Germain says he’d rather keep a Rugrats reboot as a time capsule. “One of the things I think might be fun would be to just make the show a retro ‘90s show,” he says. “I think that’d be cool. Cell phones can be interesting, but technology has a funny way of making it very difficult to write around because people are always in constant communication with each other in a way that works against drama. It takes a really fun writers’ obstacle away and makes it too easy.”

DOUG

In the case of unassuming tween Doug, the show’s future is much like its main character: a possible, albeit wildly unrealistic, fantasy. The rights to Doug went over to Disney in 1996, and creator Jim Jinkins says the Mouse House isn’t looking to re-bag this Neematoad.

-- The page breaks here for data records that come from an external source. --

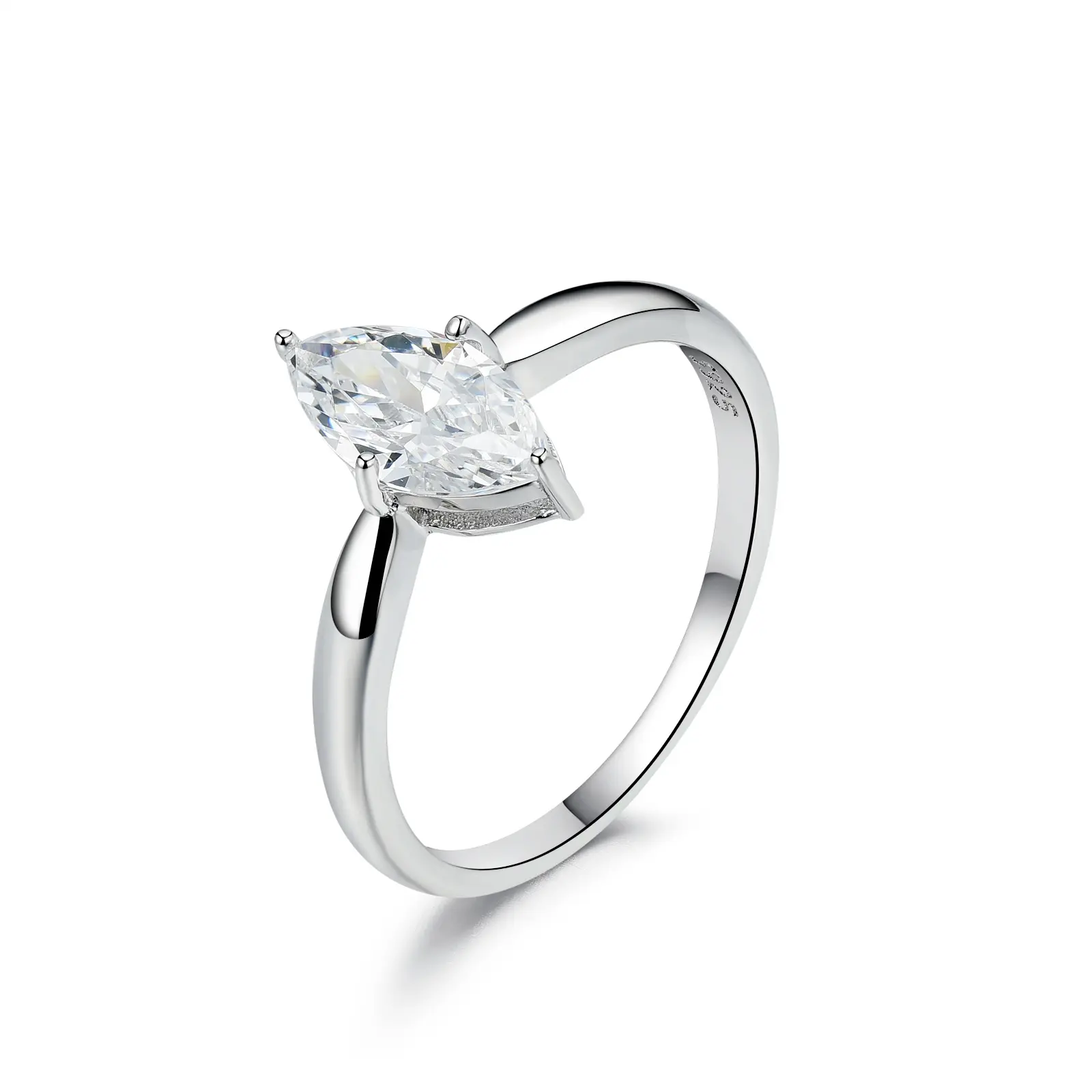 Women’s S925 Silver 1 Carat Moissanite Horse Eye Design Closed Setting Wedding Band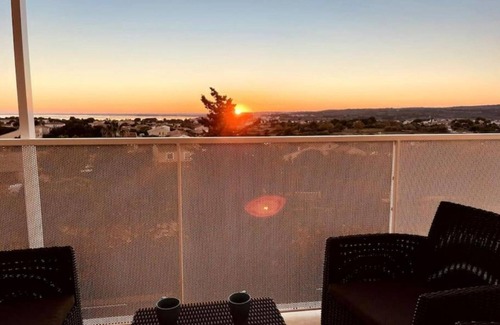 Balaruc-les-Bains Apartment | CHARMING T2 WITH MAGICAL VIEW OF THE ETANG DE THAU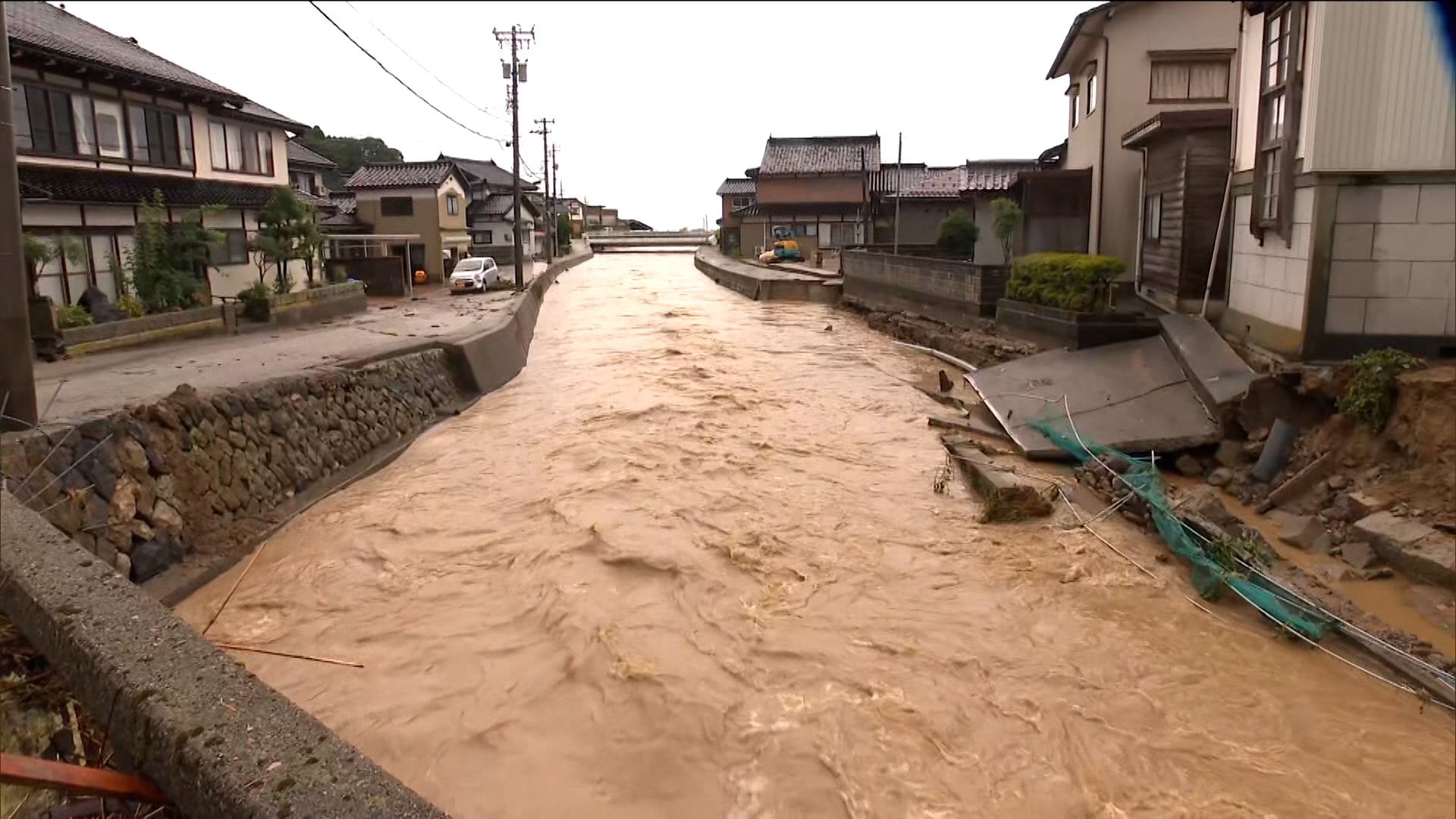 「変わり果てた光景」石川・富山で一時大雨特別警報 石川270世帯孤立 富山“畳浮く”浸水被害 各地でゲリラ雷雨も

“Disney owns the right to make anything new, and they have no interest right now in anything to do with it,” says Jinkins, who’s already one step ahead of reboot-happy fans: He’s written a treatment and key scenes for a movie follow-up that would check in on what Doug’s been up to all these years later.

For Jinkins, time has certainly passed, and Doug would be living in a New York City metropolis. “I haven’t written the whole screenplay, but some stories are written,” says Jinkins. “Skeeter’s his roommate. Judy would be a performance artist off, off, off Broadway, just kind of doing weird stuff. Porkchop would be there — we’re not going to talk about dogs and their real lifespans, but I’ll just let him be.” (Jinkins also revealed whether Doug ends up with Patti… but you’ll have to check back on EW for that full story on Tuesday.)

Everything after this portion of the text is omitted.